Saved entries
==================================================
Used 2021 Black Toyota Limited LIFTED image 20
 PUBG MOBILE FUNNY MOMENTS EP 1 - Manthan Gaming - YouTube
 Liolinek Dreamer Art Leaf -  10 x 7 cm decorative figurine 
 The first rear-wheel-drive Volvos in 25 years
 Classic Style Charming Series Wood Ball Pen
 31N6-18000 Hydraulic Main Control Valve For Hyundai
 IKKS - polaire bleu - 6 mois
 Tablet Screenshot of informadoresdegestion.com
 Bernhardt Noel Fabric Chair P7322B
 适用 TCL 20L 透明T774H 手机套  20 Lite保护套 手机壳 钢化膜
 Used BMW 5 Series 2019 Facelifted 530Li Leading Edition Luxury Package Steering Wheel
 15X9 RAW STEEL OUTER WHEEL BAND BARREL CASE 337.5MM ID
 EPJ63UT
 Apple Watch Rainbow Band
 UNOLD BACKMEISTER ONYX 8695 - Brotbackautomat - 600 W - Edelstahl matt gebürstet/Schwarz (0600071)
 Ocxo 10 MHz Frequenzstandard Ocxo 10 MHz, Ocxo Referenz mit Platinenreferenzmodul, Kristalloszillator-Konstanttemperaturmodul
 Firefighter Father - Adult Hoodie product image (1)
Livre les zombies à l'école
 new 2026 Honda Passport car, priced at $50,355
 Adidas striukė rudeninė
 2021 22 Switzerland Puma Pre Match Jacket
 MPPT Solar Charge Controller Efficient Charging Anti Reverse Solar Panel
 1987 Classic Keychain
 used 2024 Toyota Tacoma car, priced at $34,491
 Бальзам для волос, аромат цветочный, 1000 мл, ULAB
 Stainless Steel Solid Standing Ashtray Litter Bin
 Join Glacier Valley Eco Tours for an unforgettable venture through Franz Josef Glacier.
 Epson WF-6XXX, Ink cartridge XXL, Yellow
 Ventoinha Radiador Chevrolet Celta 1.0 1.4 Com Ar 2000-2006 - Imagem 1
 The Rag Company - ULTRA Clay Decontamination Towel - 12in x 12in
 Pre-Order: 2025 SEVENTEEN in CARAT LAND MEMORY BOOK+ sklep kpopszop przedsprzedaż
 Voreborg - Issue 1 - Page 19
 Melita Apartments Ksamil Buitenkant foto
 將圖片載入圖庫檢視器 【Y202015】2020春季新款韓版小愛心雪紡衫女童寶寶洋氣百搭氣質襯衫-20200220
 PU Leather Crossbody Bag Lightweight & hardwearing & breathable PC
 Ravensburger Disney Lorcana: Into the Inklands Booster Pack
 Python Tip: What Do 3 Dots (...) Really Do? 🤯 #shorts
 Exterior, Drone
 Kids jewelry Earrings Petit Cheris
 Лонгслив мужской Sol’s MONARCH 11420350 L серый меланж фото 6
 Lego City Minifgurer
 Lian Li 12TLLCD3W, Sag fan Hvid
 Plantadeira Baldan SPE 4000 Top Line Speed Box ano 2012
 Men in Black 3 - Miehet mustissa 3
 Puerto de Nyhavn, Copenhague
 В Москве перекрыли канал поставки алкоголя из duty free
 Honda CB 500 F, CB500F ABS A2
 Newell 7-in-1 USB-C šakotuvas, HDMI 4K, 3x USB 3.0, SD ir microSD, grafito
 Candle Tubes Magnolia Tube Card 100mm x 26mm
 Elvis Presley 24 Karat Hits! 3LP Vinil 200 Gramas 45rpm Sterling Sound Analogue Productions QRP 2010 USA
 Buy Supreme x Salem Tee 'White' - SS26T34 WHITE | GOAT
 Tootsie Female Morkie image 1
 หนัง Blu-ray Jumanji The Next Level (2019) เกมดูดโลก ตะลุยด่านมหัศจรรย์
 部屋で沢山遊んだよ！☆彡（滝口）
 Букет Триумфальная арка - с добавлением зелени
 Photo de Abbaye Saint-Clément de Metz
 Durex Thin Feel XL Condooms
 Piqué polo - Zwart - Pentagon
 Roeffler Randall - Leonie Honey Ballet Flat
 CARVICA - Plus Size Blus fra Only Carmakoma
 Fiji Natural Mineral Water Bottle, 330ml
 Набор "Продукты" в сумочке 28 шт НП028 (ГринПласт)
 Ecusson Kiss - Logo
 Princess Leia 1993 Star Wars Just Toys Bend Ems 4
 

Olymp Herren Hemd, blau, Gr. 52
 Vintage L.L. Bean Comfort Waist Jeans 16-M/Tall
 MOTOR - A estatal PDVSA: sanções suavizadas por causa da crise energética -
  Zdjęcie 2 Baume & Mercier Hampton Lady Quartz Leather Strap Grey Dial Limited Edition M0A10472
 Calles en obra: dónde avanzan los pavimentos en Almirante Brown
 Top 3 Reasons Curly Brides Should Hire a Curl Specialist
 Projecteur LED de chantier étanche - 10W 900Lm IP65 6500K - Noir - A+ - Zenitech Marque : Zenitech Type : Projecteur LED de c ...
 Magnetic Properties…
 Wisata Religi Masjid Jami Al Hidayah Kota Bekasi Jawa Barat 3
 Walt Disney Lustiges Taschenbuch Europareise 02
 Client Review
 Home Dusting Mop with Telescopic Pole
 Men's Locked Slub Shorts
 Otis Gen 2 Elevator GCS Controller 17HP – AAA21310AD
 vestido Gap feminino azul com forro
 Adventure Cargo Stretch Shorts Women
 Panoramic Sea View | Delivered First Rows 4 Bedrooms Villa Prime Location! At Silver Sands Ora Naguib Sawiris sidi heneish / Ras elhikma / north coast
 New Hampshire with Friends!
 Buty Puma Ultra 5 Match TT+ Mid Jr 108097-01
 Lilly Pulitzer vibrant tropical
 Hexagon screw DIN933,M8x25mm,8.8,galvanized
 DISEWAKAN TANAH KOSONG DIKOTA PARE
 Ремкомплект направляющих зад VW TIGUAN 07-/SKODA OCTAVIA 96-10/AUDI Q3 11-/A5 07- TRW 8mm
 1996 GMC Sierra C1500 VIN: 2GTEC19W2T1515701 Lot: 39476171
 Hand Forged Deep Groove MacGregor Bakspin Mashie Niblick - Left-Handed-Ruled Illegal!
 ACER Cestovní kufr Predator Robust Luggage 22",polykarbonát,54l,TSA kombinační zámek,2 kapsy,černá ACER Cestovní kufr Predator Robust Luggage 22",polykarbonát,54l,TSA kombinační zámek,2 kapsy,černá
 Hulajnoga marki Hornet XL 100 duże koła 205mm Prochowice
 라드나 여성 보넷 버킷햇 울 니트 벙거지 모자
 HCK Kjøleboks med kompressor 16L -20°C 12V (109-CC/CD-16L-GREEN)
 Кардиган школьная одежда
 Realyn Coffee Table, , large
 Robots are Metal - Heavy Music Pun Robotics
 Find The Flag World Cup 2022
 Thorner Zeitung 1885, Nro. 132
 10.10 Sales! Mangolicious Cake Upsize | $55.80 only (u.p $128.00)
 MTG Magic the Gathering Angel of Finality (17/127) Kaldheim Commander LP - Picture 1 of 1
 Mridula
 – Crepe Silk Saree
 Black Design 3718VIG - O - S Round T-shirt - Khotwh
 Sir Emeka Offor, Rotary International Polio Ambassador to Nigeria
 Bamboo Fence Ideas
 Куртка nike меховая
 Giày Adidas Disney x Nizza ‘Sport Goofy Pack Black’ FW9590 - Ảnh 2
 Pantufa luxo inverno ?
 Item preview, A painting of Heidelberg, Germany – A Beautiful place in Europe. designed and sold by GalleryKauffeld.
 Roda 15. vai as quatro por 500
==================================================
● Problem statement: Only the lines containing the string "Toyota" are needed; pull them out of the records.

● Answer space:
Used 2021 Black Toyota Limited LIFTED image 20
 used 2024 Toyota Tacoma car, priced at $34,491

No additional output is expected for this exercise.